Today I was speaking at church on resurrection, particularly drawing on Paul’s impassioned teaching about the centrality of resurrection to Christian faith. This makes clear that the bodily resurrection of Jesus Christ is central to the Christian faith. Jesus isn’t the only person raised from the dead in the Bible (and that, in itself is a big step beyond mere resuscitation, where someone is brought back from this side of the brink of death) but he is the first and so far only person raised in an immortal, imperishable body. Read 1 Corinthians 15 for the full story.
One of my supplementary points, but my way in, was the observation that Paul seems quite ‘caught up’ as he writes, carried along with passion and wonder particularly as the chapter reaches its climax. That’s not an uncommon experience. I described how I might get caught up playing music, reading a story or even, sometimes, when preaching; if we’d stopped at that point for a discussion, I expect I might have found other examples I hadn’t begun to imagine from other people’s experiences too.

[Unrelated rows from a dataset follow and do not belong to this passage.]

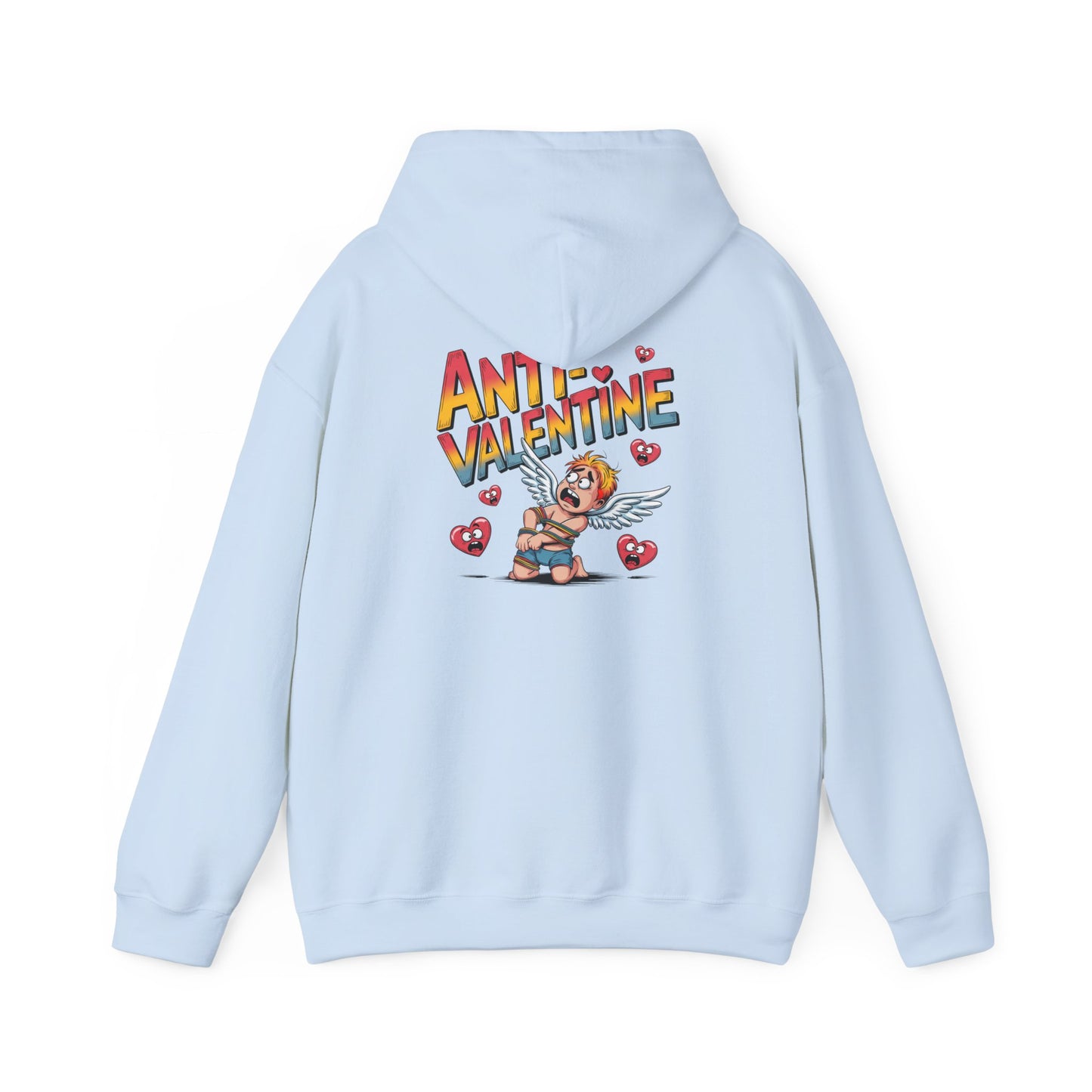 Anti-Valentine Hoodie — Funny Cupid Bear Graphic Pullover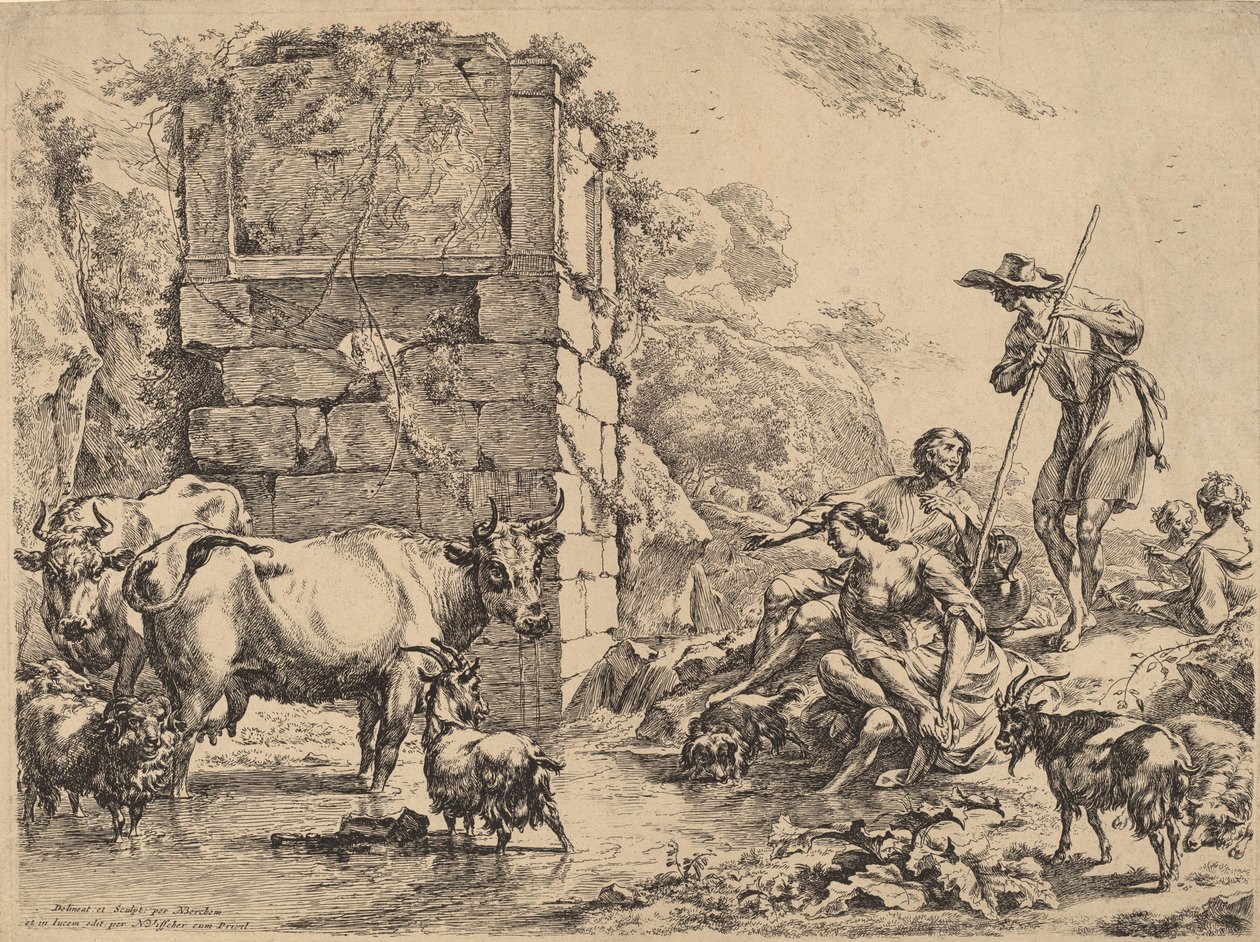 Cow Drinking by Nicolaes Berchem
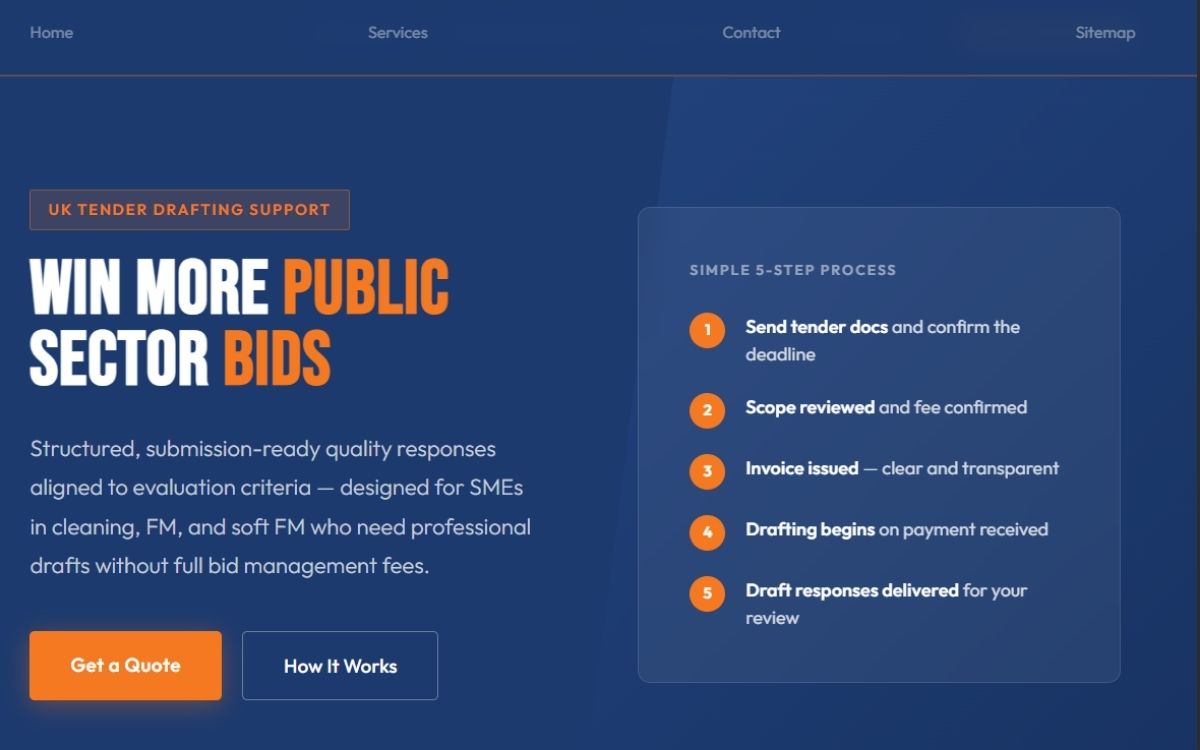 Criterion Bids website screenshot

I film I recently watched, Soul (2020), gives a lovely visual illustration of this. When its protagonist gets carried away playing jazz piano you see him transported as if to another dimension. Later in the film (and without wanting to give away any spoilers) it becomes apparent that he truly is touching another dimension at those times. Here is my closing section from the talk as I circled back to join things up:
Finally, a reflection on being ‘caught up’. It is a wonderful and worthy experience but it rarely comes when you seek it for itself. Instead, it often comes as the result of putting in the hard miles. You’ve done those long hours of hidden practise to hone a skill. You’ve kept on being faithful, even when it hurt. Perhaps like Paul – or like our Lord, Jesus – you know what it is to be poured out? In the year that lies ahead, keep on keeping on and may you also know something of what it is to be caught up.